(Stored dataset items)
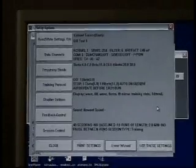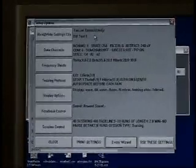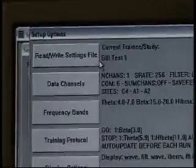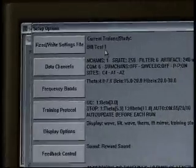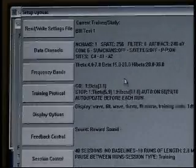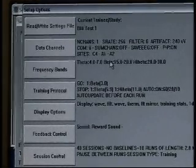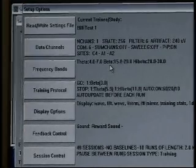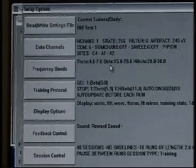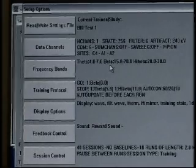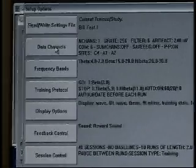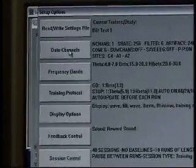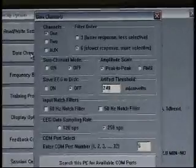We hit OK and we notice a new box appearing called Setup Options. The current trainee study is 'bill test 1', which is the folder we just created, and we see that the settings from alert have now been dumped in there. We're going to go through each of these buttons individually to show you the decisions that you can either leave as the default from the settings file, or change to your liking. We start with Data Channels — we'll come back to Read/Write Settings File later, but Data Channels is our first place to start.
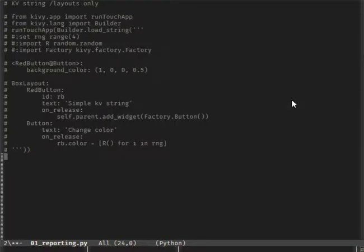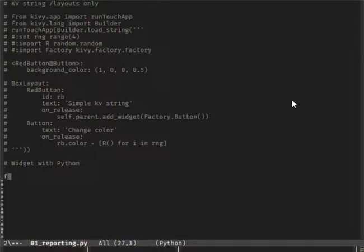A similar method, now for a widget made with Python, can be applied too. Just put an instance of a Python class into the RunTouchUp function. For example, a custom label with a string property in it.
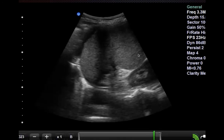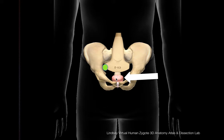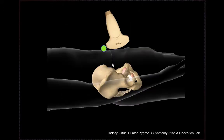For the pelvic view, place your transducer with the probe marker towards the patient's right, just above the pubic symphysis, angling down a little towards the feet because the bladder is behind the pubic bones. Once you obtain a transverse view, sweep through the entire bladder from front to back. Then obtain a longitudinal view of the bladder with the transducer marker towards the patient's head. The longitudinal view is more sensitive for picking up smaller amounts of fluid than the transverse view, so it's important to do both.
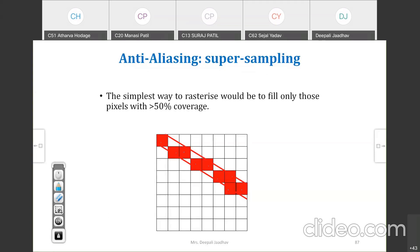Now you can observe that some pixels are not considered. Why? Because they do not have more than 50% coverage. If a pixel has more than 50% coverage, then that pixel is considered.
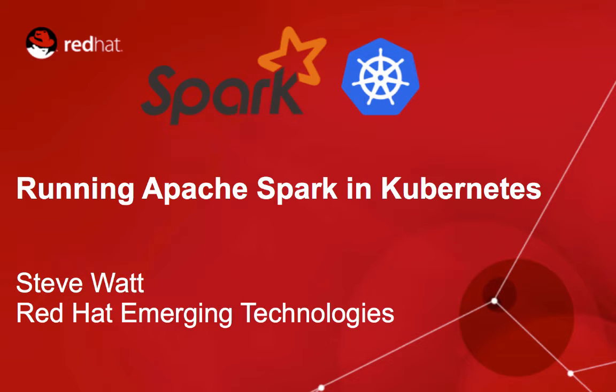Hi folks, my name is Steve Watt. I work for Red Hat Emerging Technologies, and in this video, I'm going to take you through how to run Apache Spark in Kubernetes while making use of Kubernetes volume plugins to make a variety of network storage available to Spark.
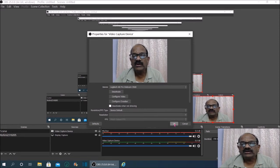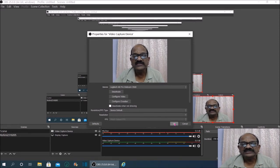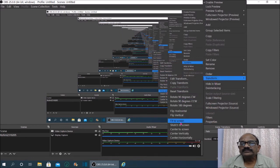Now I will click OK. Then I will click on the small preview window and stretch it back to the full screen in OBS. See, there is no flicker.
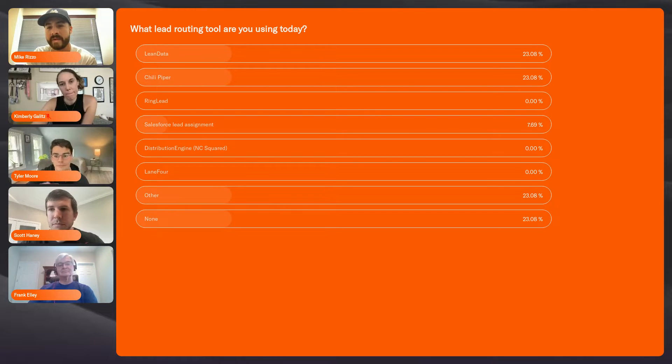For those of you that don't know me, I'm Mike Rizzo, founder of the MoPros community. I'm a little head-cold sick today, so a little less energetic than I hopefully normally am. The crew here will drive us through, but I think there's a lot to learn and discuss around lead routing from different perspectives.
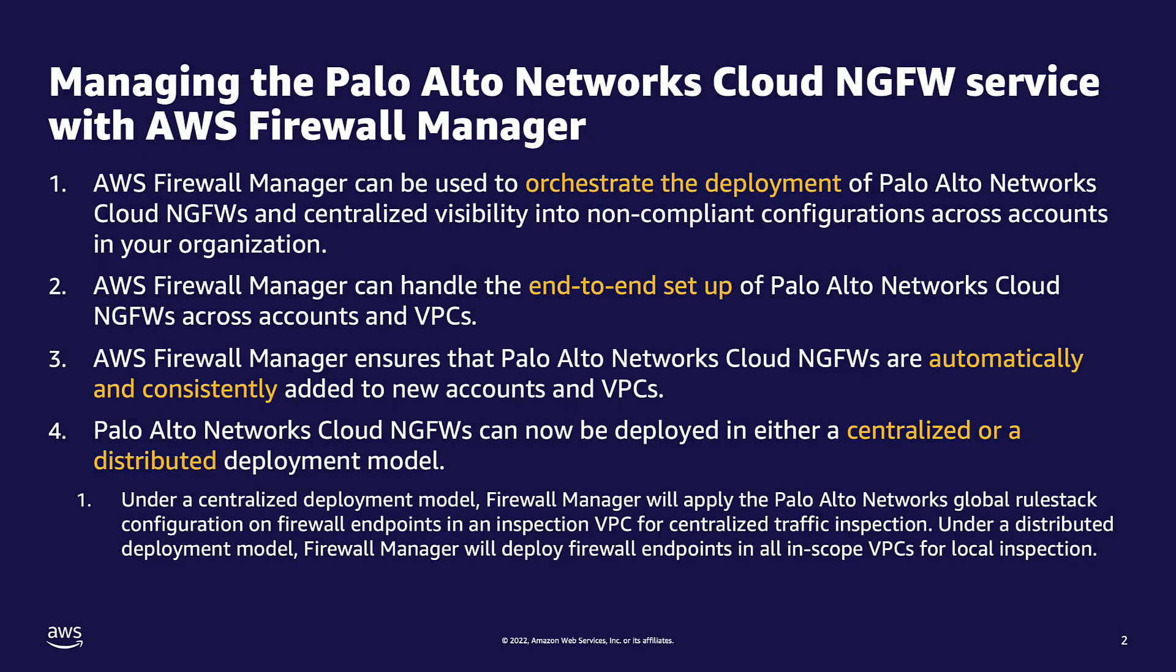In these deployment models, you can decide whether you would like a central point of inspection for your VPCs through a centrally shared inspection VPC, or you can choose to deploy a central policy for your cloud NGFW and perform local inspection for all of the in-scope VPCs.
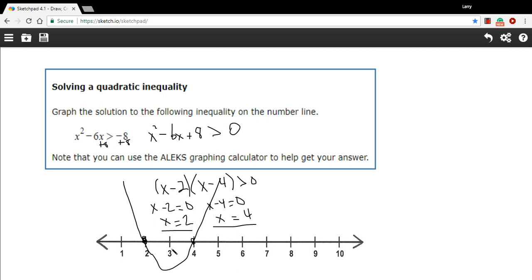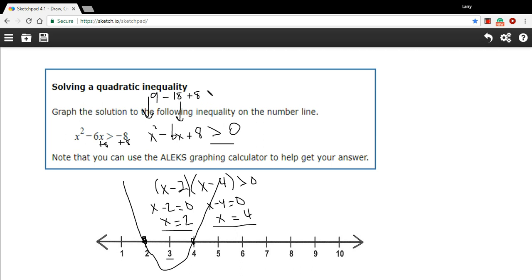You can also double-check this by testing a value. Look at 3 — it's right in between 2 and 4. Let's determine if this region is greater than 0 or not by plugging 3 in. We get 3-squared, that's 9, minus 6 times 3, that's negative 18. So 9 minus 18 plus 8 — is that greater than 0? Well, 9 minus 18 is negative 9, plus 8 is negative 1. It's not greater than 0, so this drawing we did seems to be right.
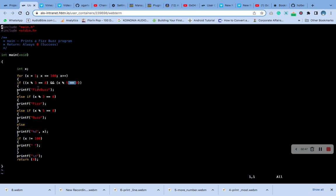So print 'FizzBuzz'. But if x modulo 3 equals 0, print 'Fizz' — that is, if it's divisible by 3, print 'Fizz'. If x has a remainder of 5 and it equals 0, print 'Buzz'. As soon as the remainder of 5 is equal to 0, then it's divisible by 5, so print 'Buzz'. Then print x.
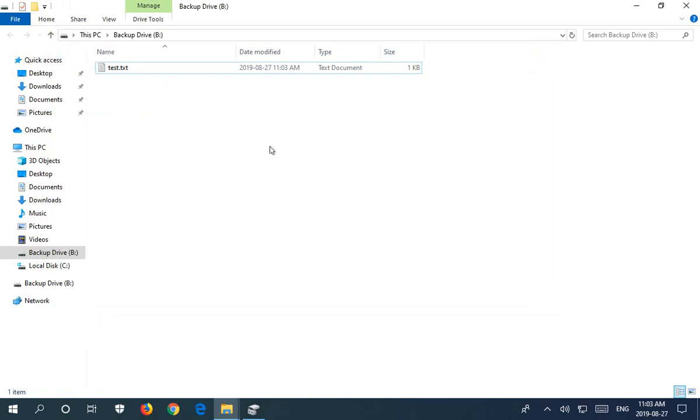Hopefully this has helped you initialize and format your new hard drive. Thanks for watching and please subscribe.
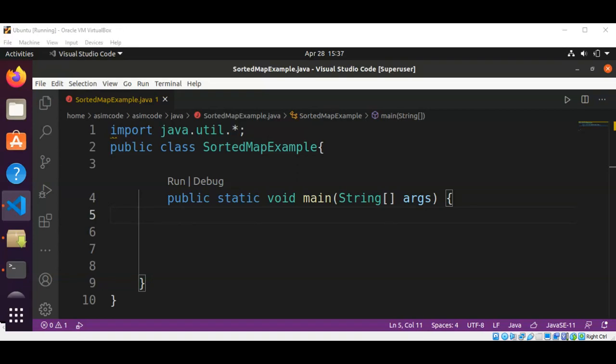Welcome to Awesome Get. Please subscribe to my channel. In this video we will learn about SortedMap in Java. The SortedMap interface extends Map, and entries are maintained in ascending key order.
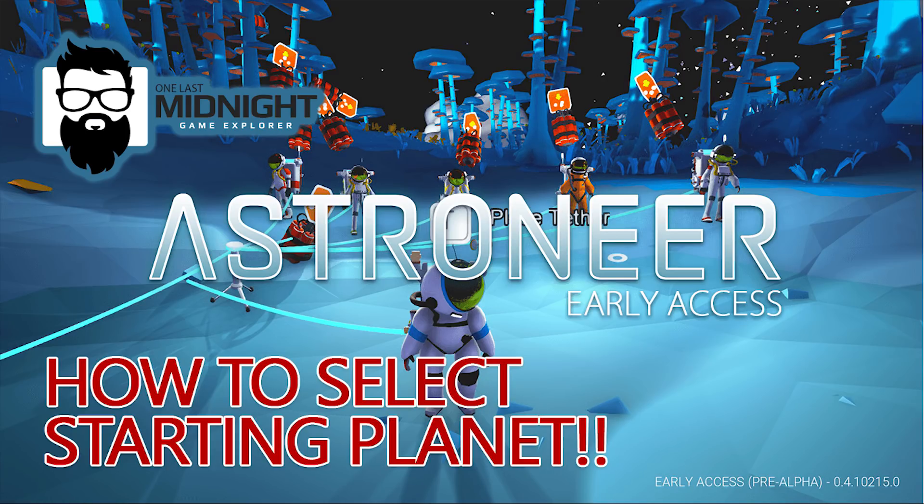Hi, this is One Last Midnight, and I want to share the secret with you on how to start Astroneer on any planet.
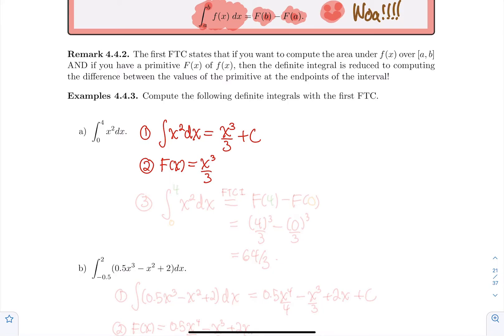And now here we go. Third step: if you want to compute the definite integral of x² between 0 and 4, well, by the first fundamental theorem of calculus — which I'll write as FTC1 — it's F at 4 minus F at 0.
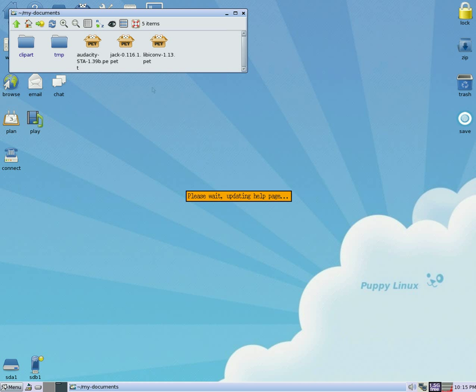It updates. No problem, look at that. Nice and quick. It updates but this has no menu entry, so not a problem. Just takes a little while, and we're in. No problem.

What is needed:
Write the records above out again exactly, but not the pictures.

Task response:
We hit OK and we notice a new box appearing called Setup Options. The current trainee study is 'bill test 1', which is the folder we just created, and we see that the settings from alert have now been dumped in there. We're going to go through each of these buttons individually to show you the decisions that you can either leave as the default from the settings file, or change to your liking. We start with Data Channels — we'll come back to Read/Write Settings File later, but Data Channels is our first place to start.
A similar method, now for a widget made with Python, can be applied too. Just put an instance of a Python class into the RunTouchUp function. For example, a custom label with a string property in it.
For the pelvic view, place your transducer with the probe marker towards the patient's right, just above the pubic symphysis, angling down a little towards the feet because the bladder is behind the pubic bones. Once you obtain a transverse view, sweep through the entire bladder from front to back. Then obtain a longitudinal view of the bladder with the transducer marker towards the patient's head. The longitudinal view is more sensitive for picking up smaller amounts of fluid than the transverse view, so it's important to do both.
Now you can observe that some pixels are not considered. Why? Because they do not have more than 50% coverage. If a pixel has more than 50% coverage, then that pixel is considered.
Hi folks, my name is Steve Watt. I work for Red Hat Emerging Technologies, and in this video, I'm going to take you through how to run Apache Spark in Kubernetes while making use of Kubernetes volume plugins to make a variety of network storage available to Spark.
Now I will click OK. Then I will click on the small preview window and stretch it back to the full screen in OBS. See, there is no flicker.
For those of you that don't know me, I'm Mike Rizzo, founder of the MoPros community. I'm a little head-cold sick today, so a little less energetic than I hopefully normally am. The crew here will drive us through, but I think there's a lot to learn and discuss around lead routing from different perspectives.
In these deployment models, you can decide whether you would like a central point of inspection for your VPCs through a centrally shared inspection VPC, or you can choose to deploy a central policy for your cloud NGFW and perform local inspection for all of the in-scope VPCs.
You can also double-check this by testing a value. Look at 3 — it's right in between 2 and 4. Let's determine if this region is greater than 0 or not by plugging 3 in. We get 3-squared, that's 9, minus 6 times 3, that's negative 18. So 9 minus 18 plus 8 — is that greater than 0? Well, 9 minus 18 is negative 9, plus 8 is negative 1. It's not greater than 0, so this drawing we did seems to be right.
So print 'FizzBuzz'. But if x modulo 3 equals 0, print 'Fizz' — that is, if it's divisible by 3, print 'Fizz'. If x has a remainder of 5 and it equals 0, print 'Buzz'. As soon as the remainder of 5 is equal to 0, then it's divisible by 5, so print 'Buzz'. Then print x.
Hopefully this has helped you initialize and format your new hard drive. Thanks for watching and please subscribe.
Welcome to Awesome Get. Please subscribe to my channel. In this video we will learn about SortedMap in Java. The SortedMap interface extends Map, and entries are maintained in ascending key order.
Hi, this is One Last Midnight, and I want to share the secret with you on how to start Astroneer on any planet.
And now here we go. Third step: if you want to compute the definite integral of x² between 0 and 4, well, by the first fundamental theorem of calculus — which I'll write as FTC1 — it's F at 4 minus F at 0.
It updates. No problem, look at that. Nice and quick. It updates but this has no menu entry, so not a problem. Just takes a little while, and we're in. No problem.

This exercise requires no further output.